- [Action item]:
Nothing outside the range is to be copied. From the entries below, reproduce exactly the lines starting at the one with "Hugh Turbeville" and ending at the one with "Лімітована Футболка Gymshark", without pictures.

- [Material provided]:

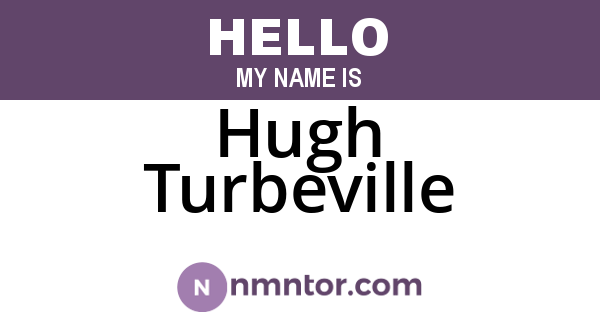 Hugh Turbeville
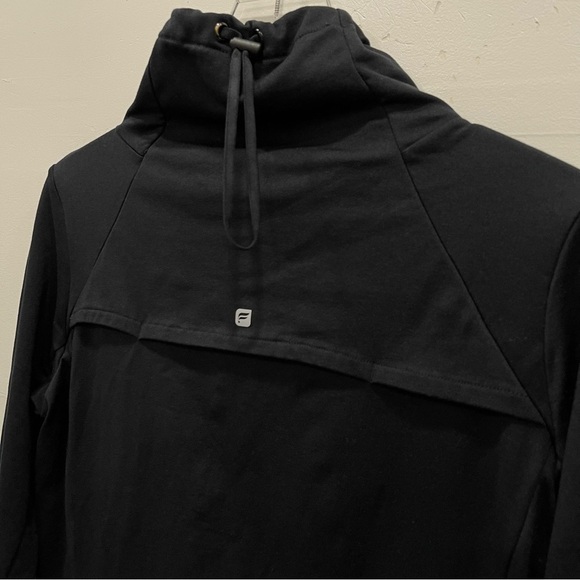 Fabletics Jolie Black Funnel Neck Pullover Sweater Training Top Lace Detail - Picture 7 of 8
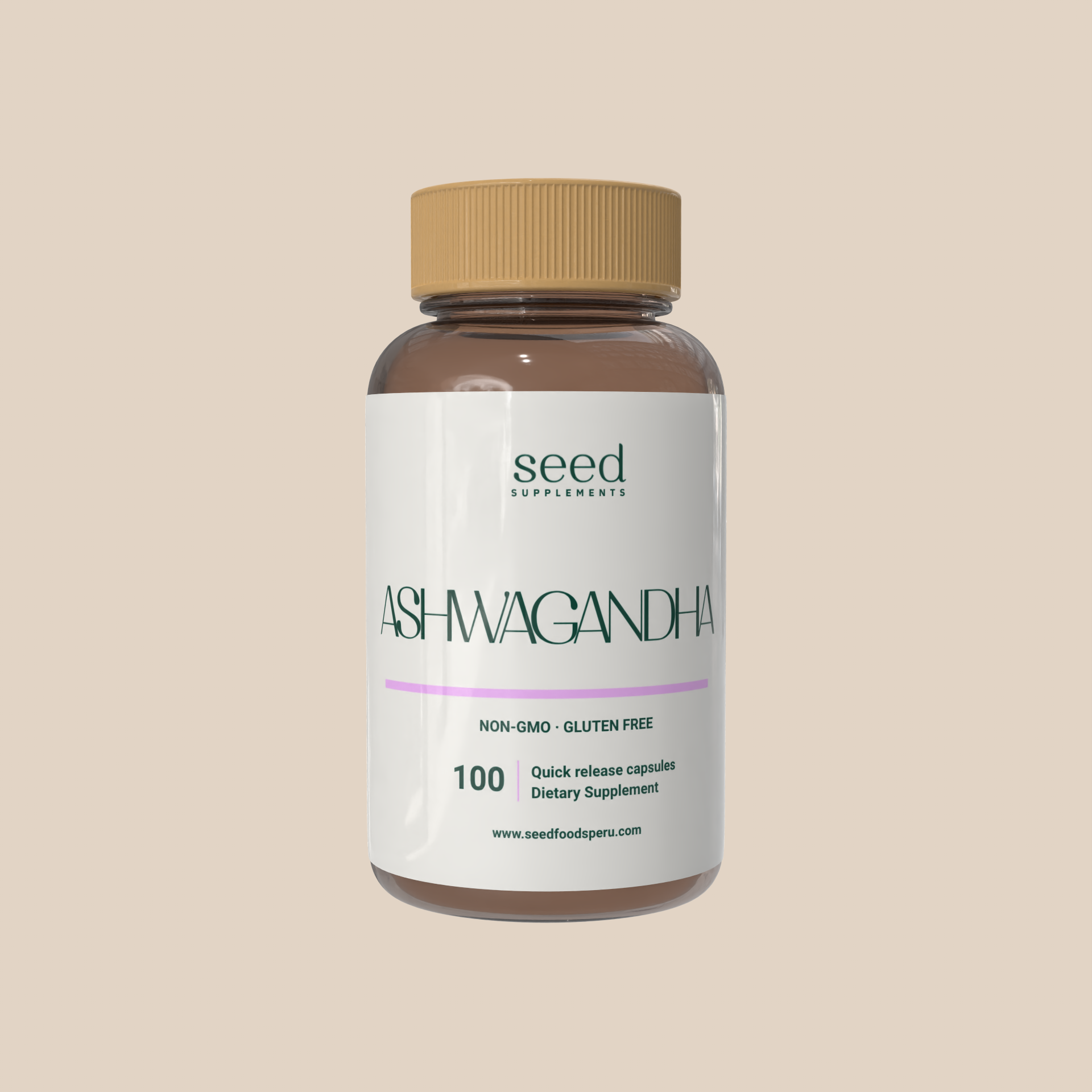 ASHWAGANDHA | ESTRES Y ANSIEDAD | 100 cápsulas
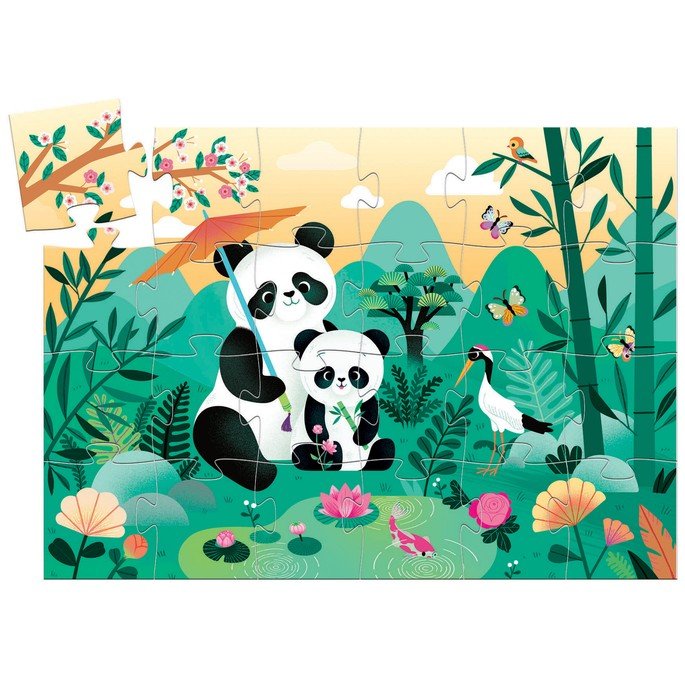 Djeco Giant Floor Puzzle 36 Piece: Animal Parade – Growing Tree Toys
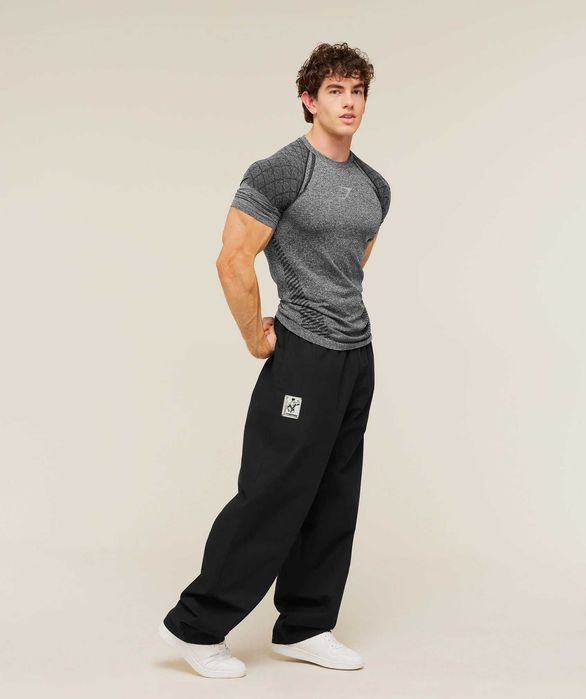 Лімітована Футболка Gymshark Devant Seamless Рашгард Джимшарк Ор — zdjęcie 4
--
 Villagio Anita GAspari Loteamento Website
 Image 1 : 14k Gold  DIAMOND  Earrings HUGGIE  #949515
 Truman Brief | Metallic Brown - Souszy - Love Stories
--
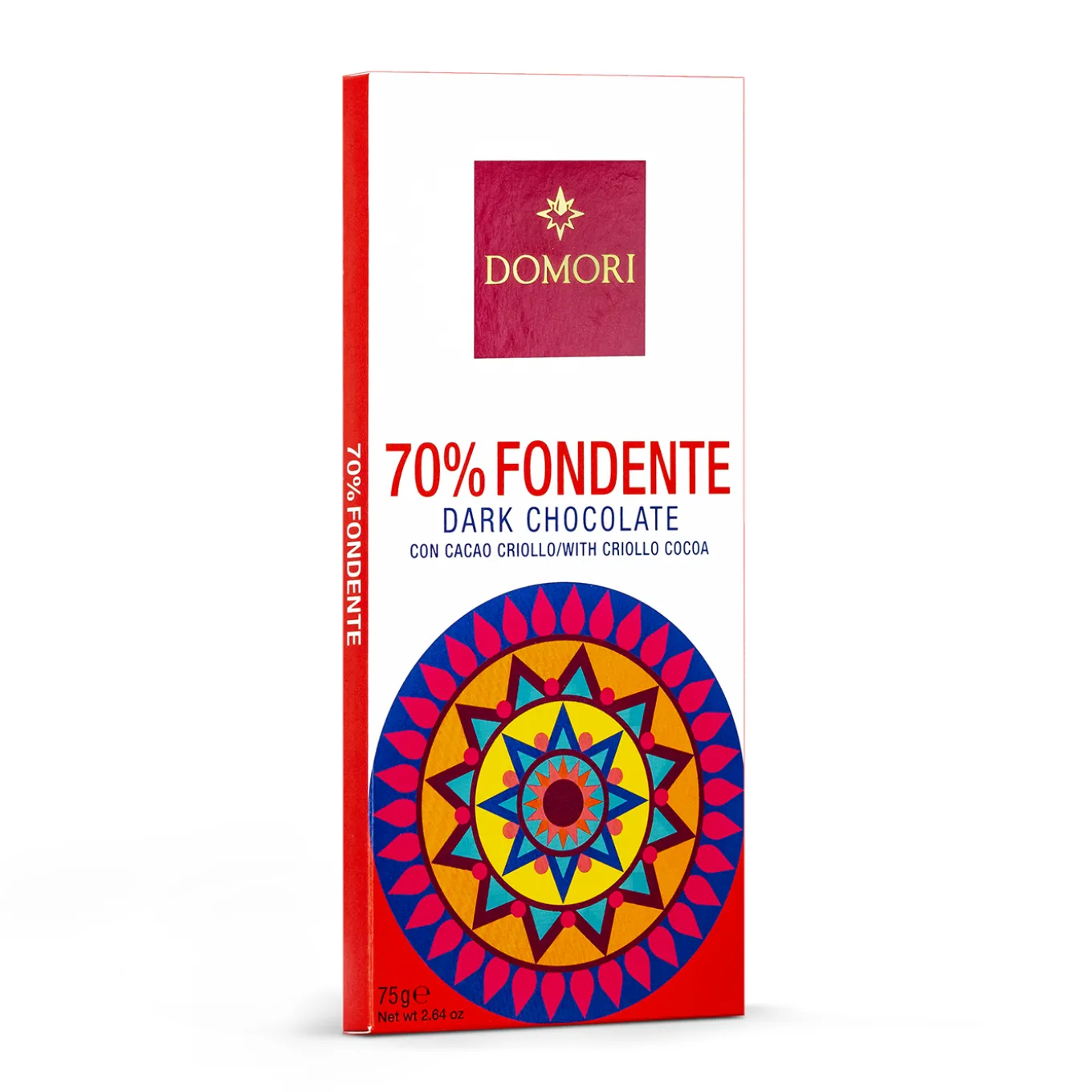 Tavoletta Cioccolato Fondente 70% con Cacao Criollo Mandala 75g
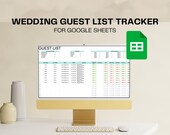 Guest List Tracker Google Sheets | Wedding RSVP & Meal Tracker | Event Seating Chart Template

- [Result of this task]:
 Hugh Turbeville
 Fabletics Jolie Black Funnel Neck Pullover Sweater Training Top Lace Detail - Picture 7 of 8
 ASHWAGANDHA | ESTRES Y ANSIEDAD | 100 cápsulas
 Djeco Giant Floor Puzzle 36 Piece: Animal Parade – Growing Tree Toys
 Лімітована Футболка Gymshark Devant Seamless Рашгард Джимшарк Ор — zdjęcie 4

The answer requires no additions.